Mid infrared optical fibers for fiber lasers: fluoride glass fibers
Mohammed Saad and Robert Pafchek
Thorlabs Inc, USA
: J Electr Eng Electron Technol
Since the demonstration of the first fibers laser in 1964 by Stnizer et al., fiber laser have attracted increasing interest among the scientific community. Compared to other laser technologies, such as solid state, semiconductor and gas lasers, fiber lasers exhibit many interesting advantages. They are compact and have high efficiency, excellent beam quality and good heat dissipation. Fiber laser are being used in many industrial and high technology applications, such as automotive industry (drilling, cutting and welding.); medicine, aerospace, spectroscopy and sensing. Two research axes have been intensively investigated, the output power scaling and the development of new laser lines. As far as output power scaling is concerned, high power fiber laser, kilo watts range have been already demonstrated, using rare-earth silica doped fibers. They are already used in industrial applications. While, intensive development still ongoing to extend the fiber lasers wavelength range by investigating different glass materials host, such as fluoride, tellurite, chalcogenide and phosphate glasses. Unfortunately, there is no single host material that can fulfill all application needs. Scientist and engineers have to choose the right materials for the right application. The ideal candidate has to combine the ability to be drawn into high quality single mode optical fiber, have a high solubility of rare-earth ions and the ability to be cleaved and spliced. The host material should be transparent at both pumping and emission wavelengths along with the ability to write Bragg Gratings in the fiber to tailor the emission characteristics. The presentation will report the latest development of fluoride glasses and fibers technology.

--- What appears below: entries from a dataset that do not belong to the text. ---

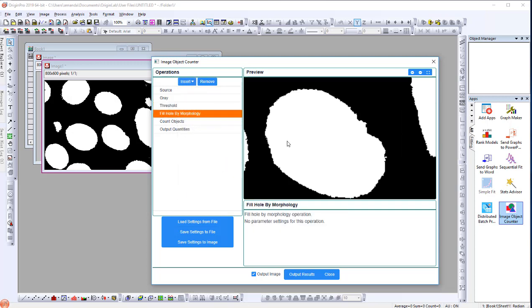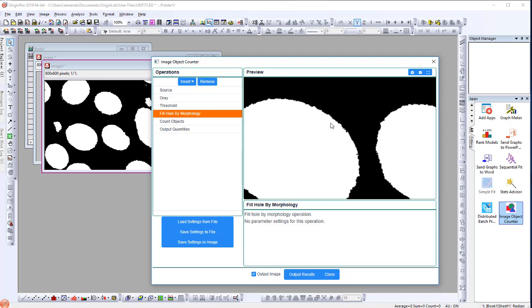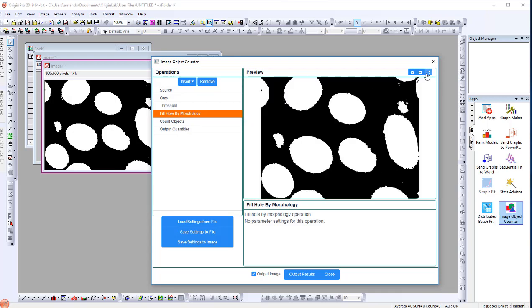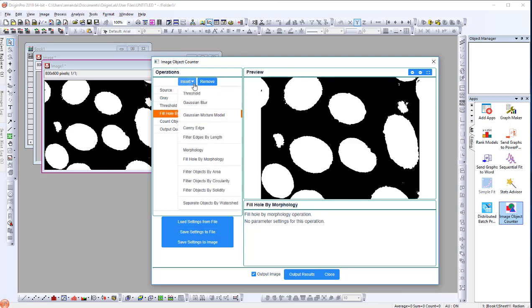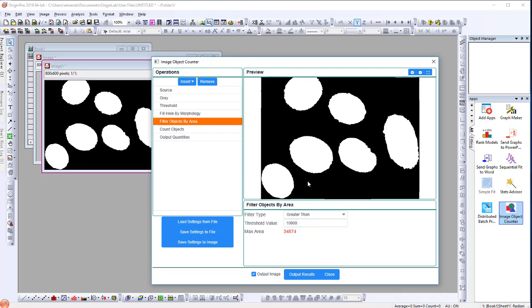Now, click the right-most button at the top right corner to fit the image. Now, we need to filter out the impurities and partial cells. Since the area of impurities is much smaller than cells, we can choose Filter Objects by Area. Let's set the threshold value to 10,000 to filter out all objects that have a smaller area than 10,000 pixels.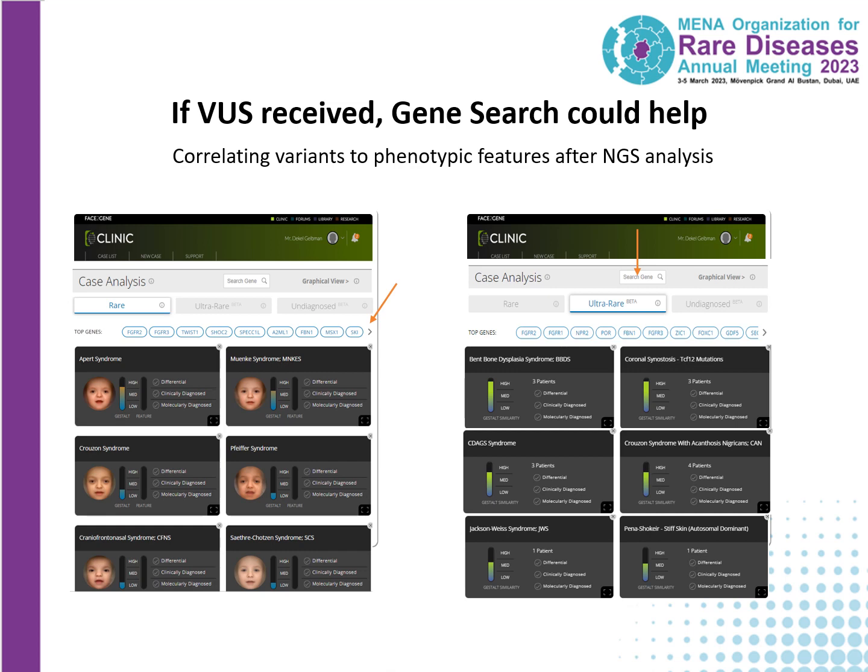One additional capability now available is the listing of genes. In the rare view, you see the genes that correspond to the syndromic conditions shown on that page. When you go to the ultra-rare tab, you again see listed the genes that most closely correspond to the syndromes or patients represented there. If you have an exome report with a VUS in a gene and want to quickly review if the potential findings seen with variants in that gene match your patient, you can input the gene name in the box, and then the syndromic conditions correlated to that gene will be highlighted. This is another way to quickly review the phenotype associated with variants in certain genes.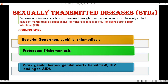Now coming to sexually transmitted diseases. Diseases or infections which are transmitted through sexual intercourse are collectively called sexually transmitted diseases or STDs, venereal diseases VD, or reproductive tract infections RTI. Common STDs are caused by bacteria, protozoan or virus. Bacterial diseases are gonorrhea, syphilis and chlamydiasis.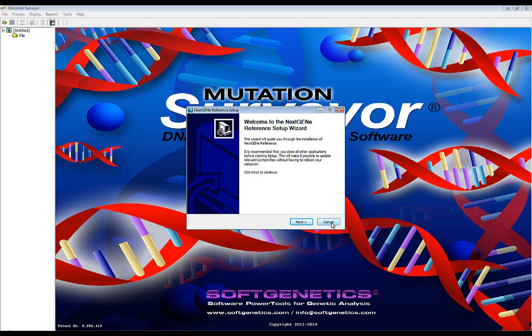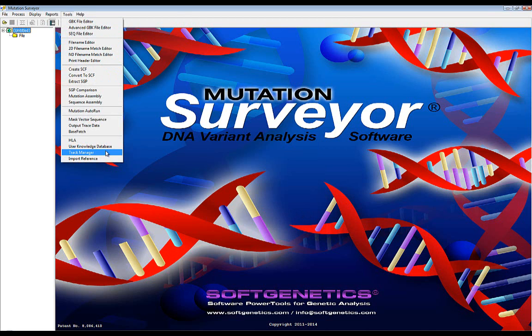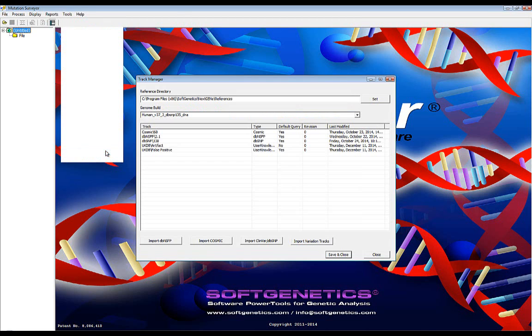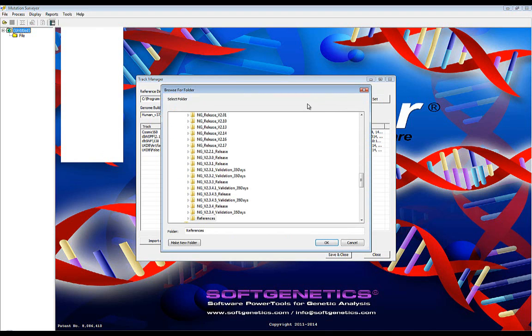After the reference has been downloaded, it can be imported into Mutation Surveyor by navigating to Tools, Track Manager. Here, you will be able to select a genome build and the annotation databases associated with that genome. To select the recently downloaded genome, click the Set button at the right and navigate to the directory that contains the reference.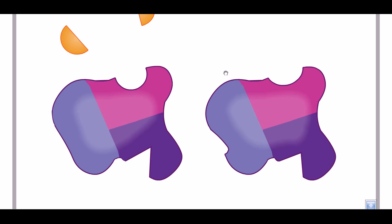We can regulate allosteric enzymes by varying or adding activator or inhibitor molecules in the environment. That's it, and I hope that's going to help you. Thank you.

Mohammed Saad has more than 35 years of experience in both university and industrial research fields. He has over 70 publications and 25 invited talks in international conferences. In 1986, he obtained his PhD in Fluoride Glasses and Fibers, from Rennes University in France. In 2003, he founded Irphotonics in Montreal (Canada), a Leader in Fluoride Glass Fibers Technology. In 2013, Irphotonics has been acquired by Thorlabs and since then, he is a Senior Scientist at Thorlabs, Inc. in NJ, USA. He is a Senior Member of SPIE and OSA. He is Member of technical committee of many international conferences. His research interests are Mid Infrared Optical fibers for Fiber Lasers: Fluoride glass Fibers.